- [Input material]
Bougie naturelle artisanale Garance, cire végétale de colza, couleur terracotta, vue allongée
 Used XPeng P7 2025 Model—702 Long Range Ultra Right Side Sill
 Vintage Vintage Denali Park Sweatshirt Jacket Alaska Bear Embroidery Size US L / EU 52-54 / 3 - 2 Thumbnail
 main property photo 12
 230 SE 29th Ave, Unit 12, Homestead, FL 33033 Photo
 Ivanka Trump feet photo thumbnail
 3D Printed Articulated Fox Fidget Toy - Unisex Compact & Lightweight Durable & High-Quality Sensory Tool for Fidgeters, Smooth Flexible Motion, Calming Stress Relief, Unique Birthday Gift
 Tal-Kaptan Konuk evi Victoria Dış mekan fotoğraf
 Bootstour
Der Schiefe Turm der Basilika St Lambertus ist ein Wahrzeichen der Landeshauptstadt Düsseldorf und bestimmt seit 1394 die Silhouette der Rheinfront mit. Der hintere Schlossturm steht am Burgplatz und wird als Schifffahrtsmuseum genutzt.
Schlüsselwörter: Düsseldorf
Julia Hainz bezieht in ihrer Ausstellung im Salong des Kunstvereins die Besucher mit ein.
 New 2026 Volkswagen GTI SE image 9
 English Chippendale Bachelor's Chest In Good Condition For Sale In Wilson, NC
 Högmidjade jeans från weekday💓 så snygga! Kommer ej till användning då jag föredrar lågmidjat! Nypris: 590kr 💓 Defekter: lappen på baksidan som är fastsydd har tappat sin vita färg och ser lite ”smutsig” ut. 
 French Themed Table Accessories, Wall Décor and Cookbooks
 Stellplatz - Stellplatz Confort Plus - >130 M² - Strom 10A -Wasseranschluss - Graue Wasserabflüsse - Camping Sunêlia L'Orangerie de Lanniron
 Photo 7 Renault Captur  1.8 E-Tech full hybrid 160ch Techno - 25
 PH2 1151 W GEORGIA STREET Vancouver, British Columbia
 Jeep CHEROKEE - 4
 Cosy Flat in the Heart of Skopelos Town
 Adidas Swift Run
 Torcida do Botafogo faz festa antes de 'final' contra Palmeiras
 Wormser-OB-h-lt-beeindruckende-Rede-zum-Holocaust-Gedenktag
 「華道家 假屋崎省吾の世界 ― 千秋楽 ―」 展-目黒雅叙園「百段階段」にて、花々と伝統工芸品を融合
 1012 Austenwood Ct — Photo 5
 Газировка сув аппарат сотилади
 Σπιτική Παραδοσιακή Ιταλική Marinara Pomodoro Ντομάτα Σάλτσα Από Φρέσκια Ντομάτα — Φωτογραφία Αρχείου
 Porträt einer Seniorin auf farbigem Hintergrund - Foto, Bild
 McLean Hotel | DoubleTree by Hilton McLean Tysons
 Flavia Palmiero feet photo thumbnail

- [Task item] Transcribe, exactly and completely, all of the entries.

- [Task output]
Bougie naturelle artisanale Garance, cire végétale de colza, couleur terracotta, vue allongée
 Used XPeng P7 2025 Model—702 Long Range Ultra Right Side Sill
 Vintage Vintage Denali Park Sweatshirt Jacket Alaska Bear Embroidery Size US L / EU 52-54 / 3 - 2 Thumbnail
 main property photo 12
 230 SE 29th Ave, Unit 12, Homestead, FL 33033 Photo
 Ivanka Trump feet photo thumbnail
 3D Printed Articulated Fox Fidget Toy - Unisex Compact & Lightweight Durable & High-Quality Sensory Tool for Fidgeters, Smooth Flexible Motion, Calming Stress Relief, Unique Birthday Gift
 Tal-Kaptan Konuk evi Victoria Dış mekan fotoğraf
 Bootstour
Der Schiefe Turm der Basilika St Lambertus ist ein Wahrzeichen der Landeshauptstadt Düsseldorf und bestimmt seit 1394 die Silhouette der Rheinfront mit. Der hintere Schlossturm steht am Burgplatz und wird als Schifffahrtsmuseum genutzt.
Schlüsselwörter: Düsseldorf
Julia Hainz bezieht in ihrer Ausstellung im Salong des Kunstvereins die Besucher mit ein.
 New 2026 Volkswagen GTI SE image 9
 English Chippendale Bachelor's Chest In Good Condition For Sale In Wilson, NC
 Högmidjade jeans från weekday💓 så snygga! Kommer ej till användning då jag föredrar lågmidjat! Nypris: 590kr 💓 Defekter: lappen på baksidan som är fastsydd har tappat sin vita färg och ser lite ”smutsig” ut. 
 French Themed Table Accessories, Wall Décor and Cookbooks
 Stellplatz - Stellplatz Confort Plus - >130 M² - Strom 10A -Wasseranschluss - Graue Wasserabflüsse - Camping Sunêlia L'Orangerie de Lanniron
 Photo 7 Renault Captur  1.8 E-Tech full hybrid 160ch Techno - 25
 PH2 1151 W GEORGIA STREET Vancouver, British Columbia
 Jeep CHEROKEE - 4
 Cosy Flat in the Heart of Skopelos Town
 Adidas Swift Run
 Torcida do Botafogo faz festa antes de 'final' contra Palmeiras
 Wormser-OB-h-lt-beeindruckende-Rede-zum-Holocaust-Gedenktag
 「華道家 假屋崎省吾の世界 ― 千秋楽 ―」 展-目黒雅叙園「百段階段」にて、花々と伝統工芸品を融合
 1012 Austenwood Ct — Photo 5
 Газировка сув аппарат сотилади
 Σπιτική Παραδοσιακή Ιταλική Marinara Pomodoro Ντομάτα Σάλτσα Από Φρέσκια Ντομάτα — Φωτογραφία Αρχείου
 Porträt einer Seniorin auf farbigem Hintergrund - Foto, Bild
 McLean Hotel | DoubleTree by Hilton McLean Tysons
 Flavia Palmiero feet photo thumbnail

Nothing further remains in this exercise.